--- EXERCISE ---
Please give back each line below unchanged; none of the pictures should appear.

◇ ◇ ◇

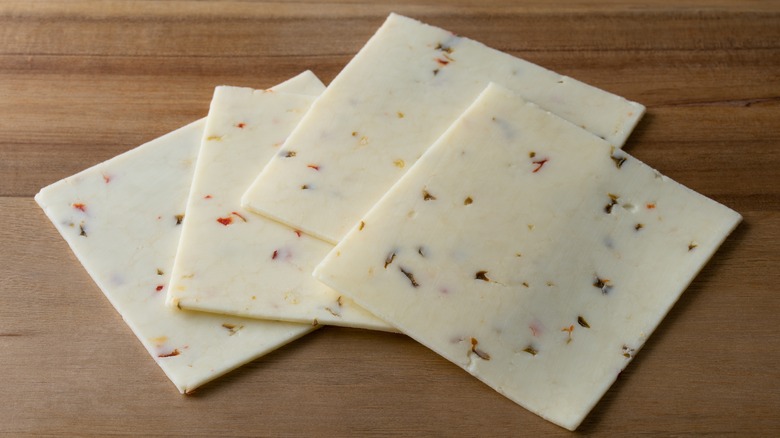 Spiced Monterey Jack cheese slices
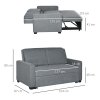 HOMCOM 2 Seater Pull Out Sofa Bed, Fabric Click Clack Sofa Bed with Wood Legs, Convertible Sleeper Couch for Living Room, Guest Room, Grey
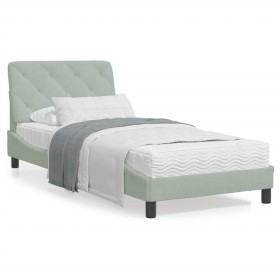 Estructura cama con luces LED terciopelo gris claro 90x190 cm de vidaXL, Camas y somieres - Ref: Foro24-3213825, Precio: 163,...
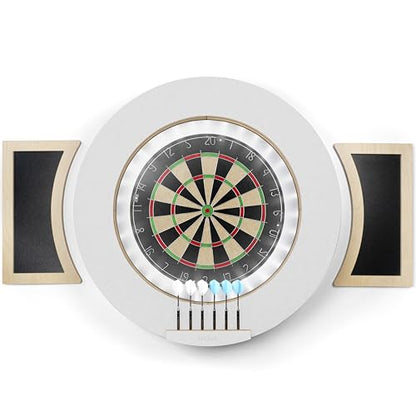 Dart Board Cabinet Set with LED Light; Bristle Dartboard, Built in LED Light, Darts and Chalkboards - color: White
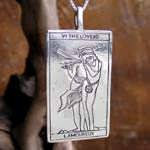 Tarot Lovers Card Pendant Silver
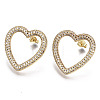 Brass Micro Pave Clear Cubic Zirconia Stud Earrings EJEW-T046-012G-NF-1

◇ ◇ ◇

--- WRITTEN RESPONSE ---
 Spiced Monterey Jack cheese slices
 HOMCOM 2 Seater Pull Out Sofa Bed, Fabric Click Clack Sofa Bed with Wood Legs, Convertible Sleeper Couch for Living Room, Guest Room, Grey
 Estructura cama con luces LED terciopelo gris claro 90x190 cm de vidaXL, Camas y somieres - Ref: Foro24-3213825, Precio: 163,...
 Dart Board Cabinet Set with LED Light; Bristle Dartboard, Built in LED Light, Darts and Chalkboards - color: White
 Tarot Lovers Card Pendant Silver
 Brass Micro Pave Clear Cubic Zirconia Stud Earrings EJEW-T046-012G-NF-1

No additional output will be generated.